Classically, MCs are divided into two types depending upon the expression of different proteases in their granules (27). MCT cells containing mainly tryptase are predominantly located in the respiratory and intestinal mucosa, while MCTC cells, expressing both tryptase and chymase, are predominantly found in connective tissues of skin, conjunctiva, and synovia (28,29). Tryptase and chymase are the predominant proteases present in MCGs. Tryptase constitutes more than 20% of the MC protein on a weight basis, with 10-35 pg tryptase per cell (30). Chymase is a serine protease with chymotrypsin-like substrate specificity and is one of the major components of MCGs (31). Previous studies showed that tryptase and chymase are angiogenic factors (32,33). However, there is a lack of data regarding which protease is more important in the angiogenesis process. In our study, we confirmed that both tryptase and chymase are present in MCs obtained from rat peritoneal cavities (data not shown). Using specific tryptase and chymase inhibitors, we tested the effects of these factors on angiogenesis. Migration, proliferation, and capillary-like tube formation of MMVECs were significantly suppressed by either TLCK or TPCK, with TLCK showing the stronger effects. The same phenomenon was observed when suppressing Ang-2 expression in MMVECs by MCGs, which could be recovered by adding either TLCK or TPCK, resulting in even higher expression than with MMVECs alone when TLCK was added. Thus, our data clearly indicate that tryptase may be more important than chymase in angiogenesis. However, we could not fully explain why TLCK or TPCK resulted in even less migration, proliferation, and capillary-like tube formation than in MMVEC controls. This could be due to the fact that, in the setting of inhibition of the main angiogenic factors of MCGs (tryptase or chymase), other antiangiogenic factors are secreted, such as endothelin-1, which could in turn suppress angiogenesis (34).

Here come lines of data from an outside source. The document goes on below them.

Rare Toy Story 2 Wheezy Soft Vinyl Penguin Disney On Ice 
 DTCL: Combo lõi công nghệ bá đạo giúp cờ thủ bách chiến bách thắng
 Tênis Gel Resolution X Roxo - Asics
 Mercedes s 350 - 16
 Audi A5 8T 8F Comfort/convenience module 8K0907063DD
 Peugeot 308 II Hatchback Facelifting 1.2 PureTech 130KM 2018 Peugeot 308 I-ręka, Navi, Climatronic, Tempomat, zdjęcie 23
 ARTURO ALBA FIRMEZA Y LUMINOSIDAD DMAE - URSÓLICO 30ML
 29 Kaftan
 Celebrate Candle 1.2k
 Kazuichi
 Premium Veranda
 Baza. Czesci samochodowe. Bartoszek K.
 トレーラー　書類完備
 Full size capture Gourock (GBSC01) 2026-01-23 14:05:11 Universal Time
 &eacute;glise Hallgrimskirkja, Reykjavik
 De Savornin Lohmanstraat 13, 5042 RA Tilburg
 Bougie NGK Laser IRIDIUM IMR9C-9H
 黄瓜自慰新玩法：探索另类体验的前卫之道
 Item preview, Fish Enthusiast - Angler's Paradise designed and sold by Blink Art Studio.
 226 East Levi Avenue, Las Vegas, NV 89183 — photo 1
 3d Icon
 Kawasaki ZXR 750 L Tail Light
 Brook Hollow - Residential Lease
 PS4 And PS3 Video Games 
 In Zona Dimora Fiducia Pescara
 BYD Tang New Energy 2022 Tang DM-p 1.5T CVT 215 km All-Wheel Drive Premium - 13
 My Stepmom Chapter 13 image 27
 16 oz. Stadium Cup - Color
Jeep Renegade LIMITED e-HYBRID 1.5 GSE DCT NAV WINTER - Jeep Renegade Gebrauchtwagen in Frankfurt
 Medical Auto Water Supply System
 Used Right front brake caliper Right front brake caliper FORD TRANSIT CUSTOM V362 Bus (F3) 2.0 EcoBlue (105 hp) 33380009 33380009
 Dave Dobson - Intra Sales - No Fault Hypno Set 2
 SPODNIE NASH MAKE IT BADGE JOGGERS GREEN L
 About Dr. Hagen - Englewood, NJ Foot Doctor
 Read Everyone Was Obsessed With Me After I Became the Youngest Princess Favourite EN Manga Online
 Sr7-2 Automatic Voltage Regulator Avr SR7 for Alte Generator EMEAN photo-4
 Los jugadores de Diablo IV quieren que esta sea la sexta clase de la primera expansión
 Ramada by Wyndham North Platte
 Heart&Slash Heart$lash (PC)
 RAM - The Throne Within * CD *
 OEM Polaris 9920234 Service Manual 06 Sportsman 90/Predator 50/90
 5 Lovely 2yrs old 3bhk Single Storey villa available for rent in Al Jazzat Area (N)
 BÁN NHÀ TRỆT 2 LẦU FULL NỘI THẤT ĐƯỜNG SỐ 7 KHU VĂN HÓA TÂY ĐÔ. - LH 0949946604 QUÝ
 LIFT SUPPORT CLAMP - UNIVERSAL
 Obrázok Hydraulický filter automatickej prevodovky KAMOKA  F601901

Our present study mainly focused on angiogenesis in MMVECs in vitro, co-cultured with MCs. However, other cells, such as smooth muscle cells, also participate in the angiogenic process. In vivo angiogenesis is complex and can be affected by many factors. Nevertheless, using a co-culture system, we clearly showed that MCGs can suppress Ang-2/Tie-2 signaling and interrupt neovessel maturation. However, it is still unclear whether MCGs can regulate the phosphorylation of Ang-2/Tie-2.

Our results demonstrate that MCGs, but not nonactivated MCs, increased proliferation, migration, and capillary-like tube formation in MMVECs. This was suppressed by either TLCK or TPCK, with TLCK showing stronger effects, suggesting that tryptase was the major factor promoting neovessels in MCs. These effects were associated with a disrupted Ang-2/Tie-2 signaling pathway, thus indicating an important role for MCs cooperating with MMVECs in the neovessel maturation process.